***** The records

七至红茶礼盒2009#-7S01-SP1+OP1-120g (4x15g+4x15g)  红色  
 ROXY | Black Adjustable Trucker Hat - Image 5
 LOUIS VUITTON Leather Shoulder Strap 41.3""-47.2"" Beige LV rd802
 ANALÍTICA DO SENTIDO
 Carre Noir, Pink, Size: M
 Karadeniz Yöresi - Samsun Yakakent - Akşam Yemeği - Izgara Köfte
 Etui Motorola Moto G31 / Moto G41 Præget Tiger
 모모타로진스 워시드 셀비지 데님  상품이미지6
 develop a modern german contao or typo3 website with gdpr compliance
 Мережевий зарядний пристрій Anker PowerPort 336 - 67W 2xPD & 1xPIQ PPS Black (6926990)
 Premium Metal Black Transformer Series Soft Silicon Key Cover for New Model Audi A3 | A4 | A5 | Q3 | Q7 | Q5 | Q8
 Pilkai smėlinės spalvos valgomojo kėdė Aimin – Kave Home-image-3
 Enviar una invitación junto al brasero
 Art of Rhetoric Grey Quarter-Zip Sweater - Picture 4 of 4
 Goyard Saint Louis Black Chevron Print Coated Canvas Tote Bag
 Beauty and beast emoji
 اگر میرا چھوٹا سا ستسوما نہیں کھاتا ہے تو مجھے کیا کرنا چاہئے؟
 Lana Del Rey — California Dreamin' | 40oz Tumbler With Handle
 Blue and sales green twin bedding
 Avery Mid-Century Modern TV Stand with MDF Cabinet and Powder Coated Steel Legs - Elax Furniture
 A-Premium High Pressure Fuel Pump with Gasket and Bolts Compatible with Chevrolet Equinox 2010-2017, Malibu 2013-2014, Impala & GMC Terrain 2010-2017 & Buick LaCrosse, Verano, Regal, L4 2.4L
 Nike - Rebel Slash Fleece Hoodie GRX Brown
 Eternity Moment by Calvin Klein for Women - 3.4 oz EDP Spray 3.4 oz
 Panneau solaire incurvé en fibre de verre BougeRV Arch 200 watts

**********

▶ What needs to be done
Take the records above and return them exactly as written.

▶ Expected output
七至红茶礼盒2009#-7S01-SP1+OP1-120g (4x15g+4x15g)  红色  
 ROXY | Black Adjustable Trucker Hat - Image 5
 LOUIS VUITTON Leather Shoulder Strap 41.3""-47.2"" Beige LV rd802
 ANALÍTICA DO SENTIDO
 Carre Noir, Pink, Size: M
 Karadeniz Yöresi - Samsun Yakakent - Akşam Yemeği - Izgara Köfte
 Etui Motorola Moto G31 / Moto G41 Præget Tiger
 모모타로진스 워시드 셀비지 데님  상품이미지6
 develop a modern german contao or typo3 website with gdpr compliance
 Мережевий зарядний пристрій Anker PowerPort 336 - 67W 2xPD & 1xPIQ PPS Black (6926990)
 Premium Metal Black Transformer Series Soft Silicon Key Cover for New Model Audi A3 | A4 | A5 | Q3 | Q7 | Q5 | Q8
 Pilkai smėlinės spalvos valgomojo kėdė Aimin – Kave Home-image-3
 Enviar una invitación junto al brasero
 Art of Rhetoric Grey Quarter-Zip Sweater - Picture 4 of 4
 Goyard Saint Louis Black Chevron Print Coated Canvas Tote Bag
 Beauty and beast emoji
 اگر میرا چھوٹا سا ستسوما نہیں کھاتا ہے تو مجھے کیا کرنا چاہئے؟
 Lana Del Rey — California Dreamin' | 40oz Tumbler With Handle
 Blue and sales green twin bedding
 Avery Mid-Century Modern TV Stand with MDF Cabinet and Powder Coated Steel Legs - Elax Furniture
 A-Premium High Pressure Fuel Pump with Gasket and Bolts Compatible with Chevrolet Equinox 2010-2017, Malibu 2013-2014, Impala & GMC Terrain 2010-2017 & Buick LaCrosse, Verano, Regal, L4 2.4L
 Nike - Rebel Slash Fleece Hoodie GRX Brown
 Eternity Moment by Calvin Klein for Women - 3.4 oz EDP Spray 3.4 oz
 Panneau solaire incurvé en fibre de verre BougeRV Arch 200 watts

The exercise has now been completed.